§ Work to be completed
Below are some records. Write out exactly their lines from the one with "1/3PCS Stainless Steel" through the one with "Labradorite necklace being", and leave the pictures behind.

§ Listed records
"""

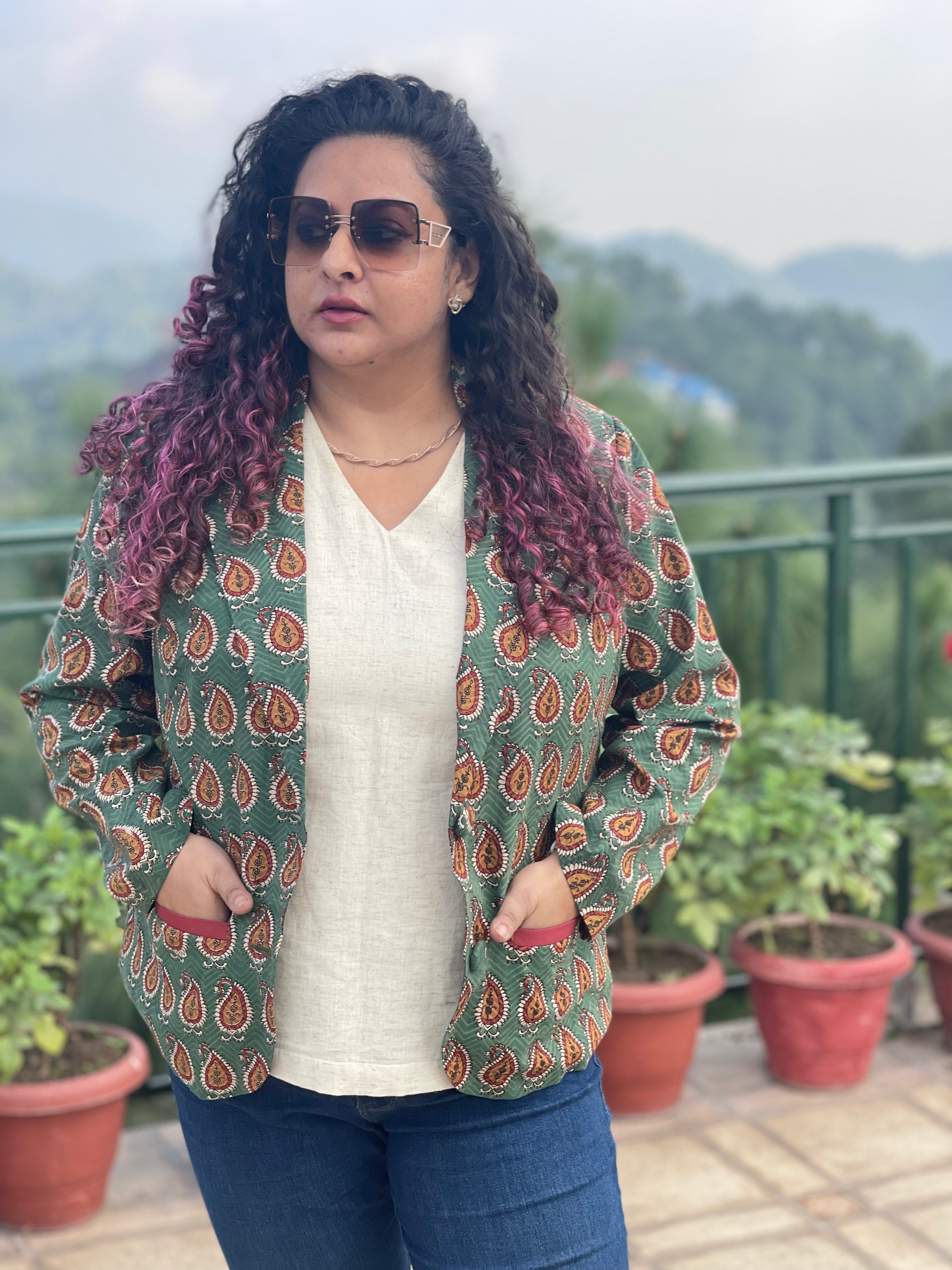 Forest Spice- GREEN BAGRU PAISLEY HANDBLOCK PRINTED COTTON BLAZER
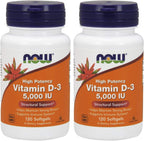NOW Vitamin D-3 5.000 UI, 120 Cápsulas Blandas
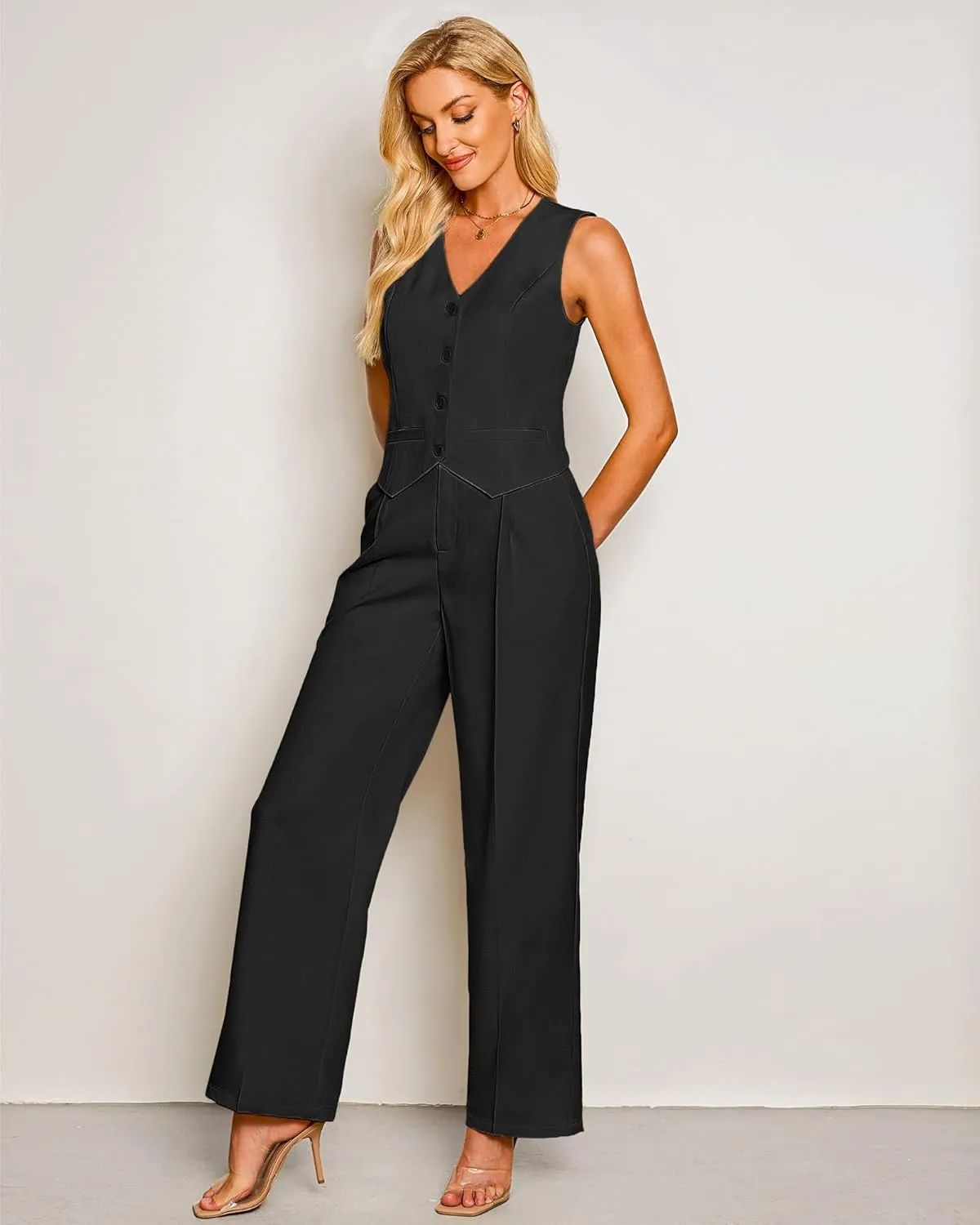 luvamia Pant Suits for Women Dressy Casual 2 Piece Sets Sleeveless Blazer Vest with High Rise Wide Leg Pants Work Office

"""
"""

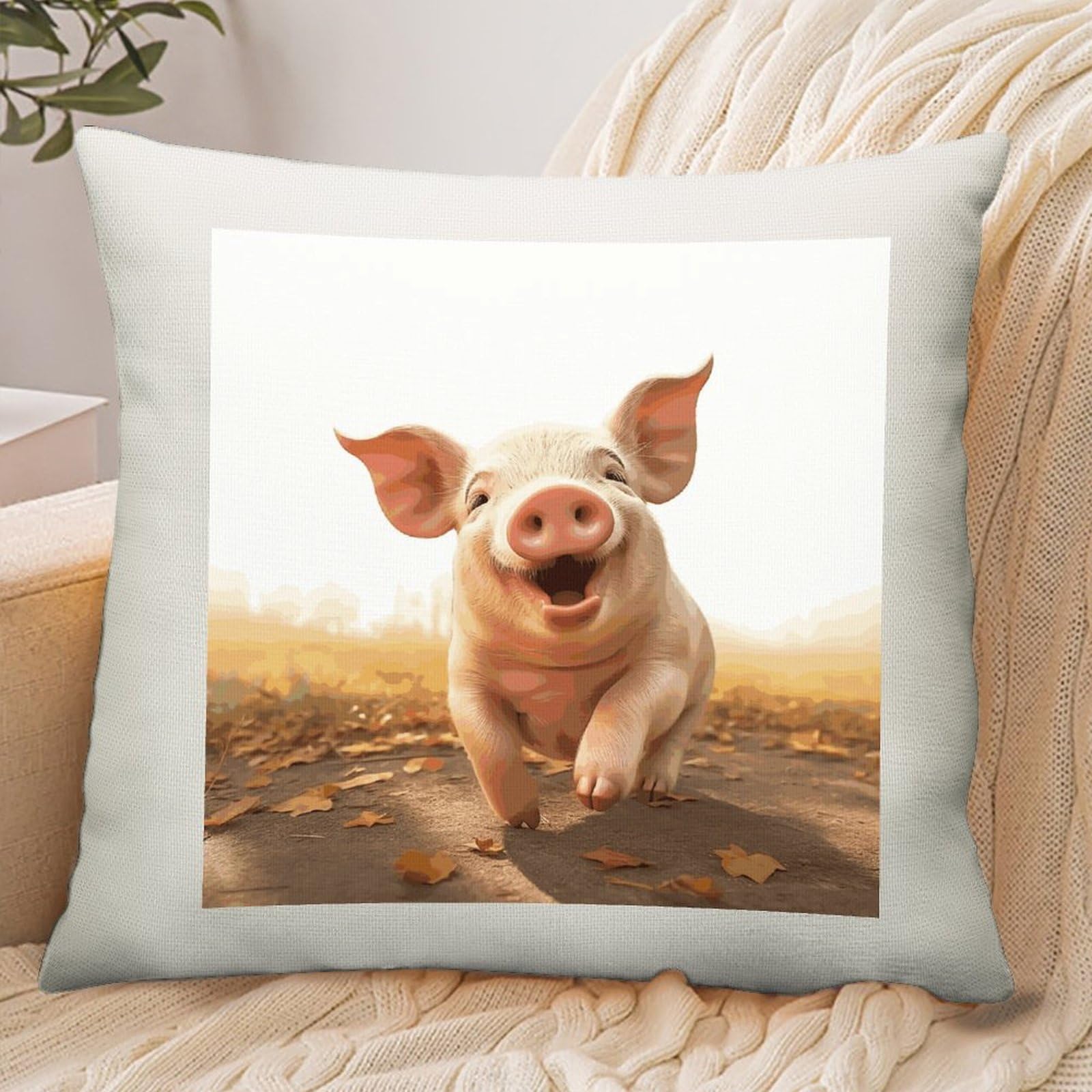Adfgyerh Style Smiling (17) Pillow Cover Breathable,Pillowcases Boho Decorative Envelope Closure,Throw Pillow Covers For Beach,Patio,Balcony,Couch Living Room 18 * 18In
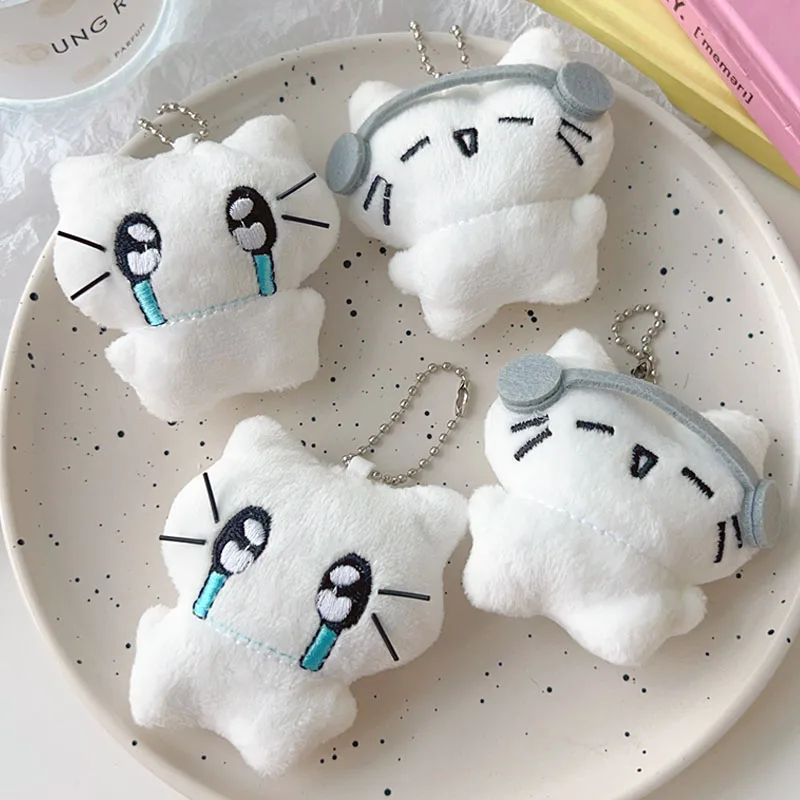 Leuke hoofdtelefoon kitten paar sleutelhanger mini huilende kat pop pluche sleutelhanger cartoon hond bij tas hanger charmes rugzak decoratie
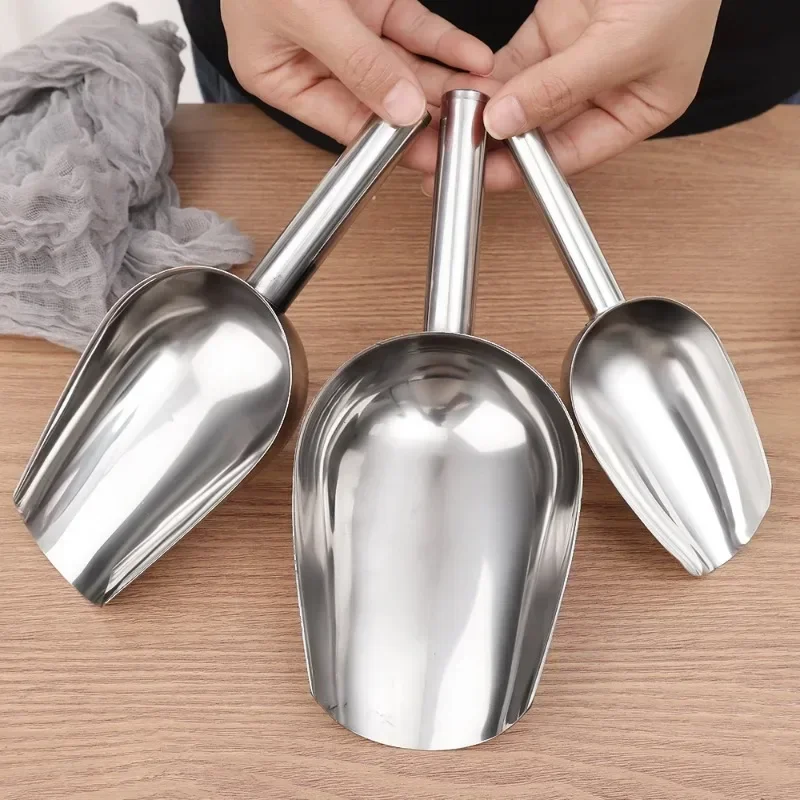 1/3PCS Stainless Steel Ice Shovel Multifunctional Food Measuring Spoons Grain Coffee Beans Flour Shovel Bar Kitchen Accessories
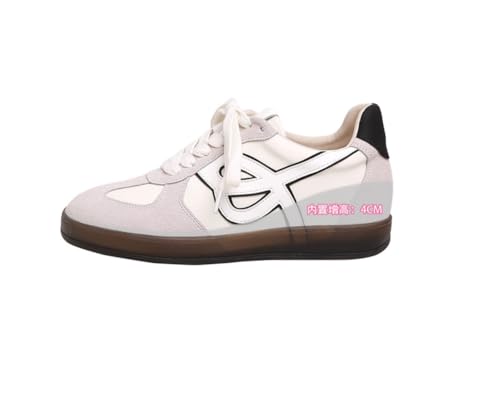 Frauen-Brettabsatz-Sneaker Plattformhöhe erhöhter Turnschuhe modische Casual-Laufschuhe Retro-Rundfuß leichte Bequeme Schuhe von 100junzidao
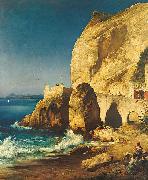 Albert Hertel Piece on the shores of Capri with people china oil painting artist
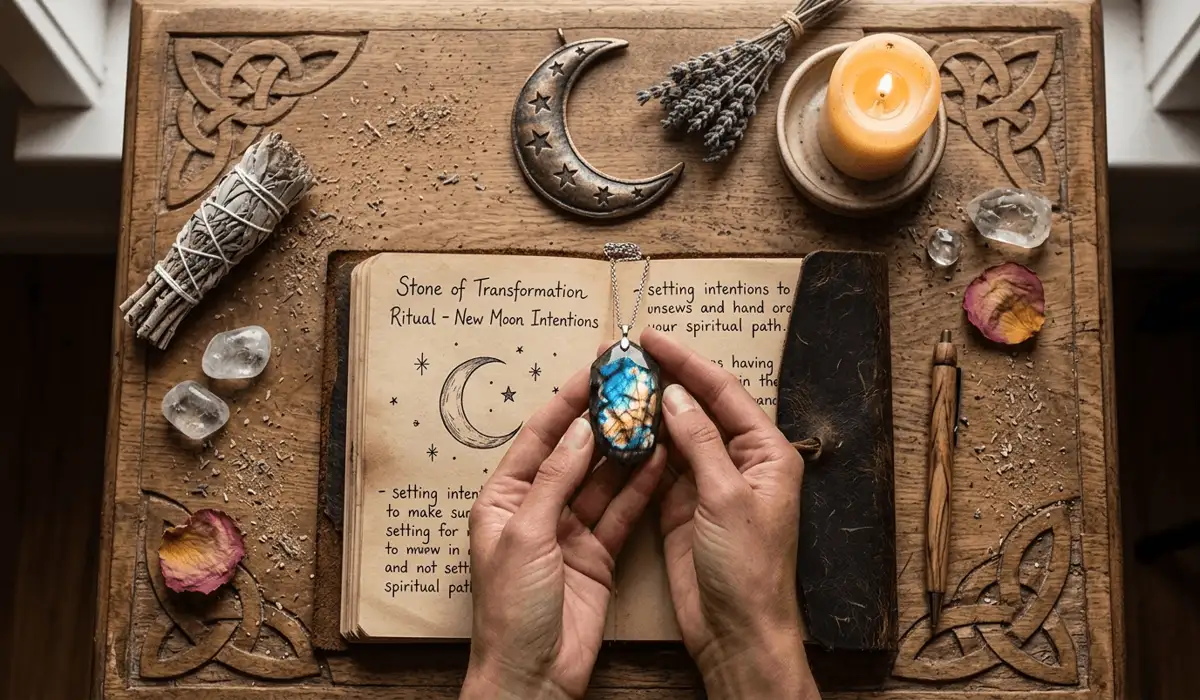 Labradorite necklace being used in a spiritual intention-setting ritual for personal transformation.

"""

§ Answer section
 1/3PCS Stainless Steel Ice Shovel Multifunctional Food Measuring Spoons Grain Coffee Beans Flour Shovel Bar Kitchen Accessories
 Frauen-Brettabsatz-Sneaker Plattformhöhe erhöhter Turnschuhe modische Casual-Laufschuhe Retro-Rundfuß leichte Bequeme Schuhe von 100junzidao
 Albert Hertel Piece on the shores of Capri with people china oil painting artist
 Labradorite necklace being used in a spiritual intention-setting ritual for personal transformation.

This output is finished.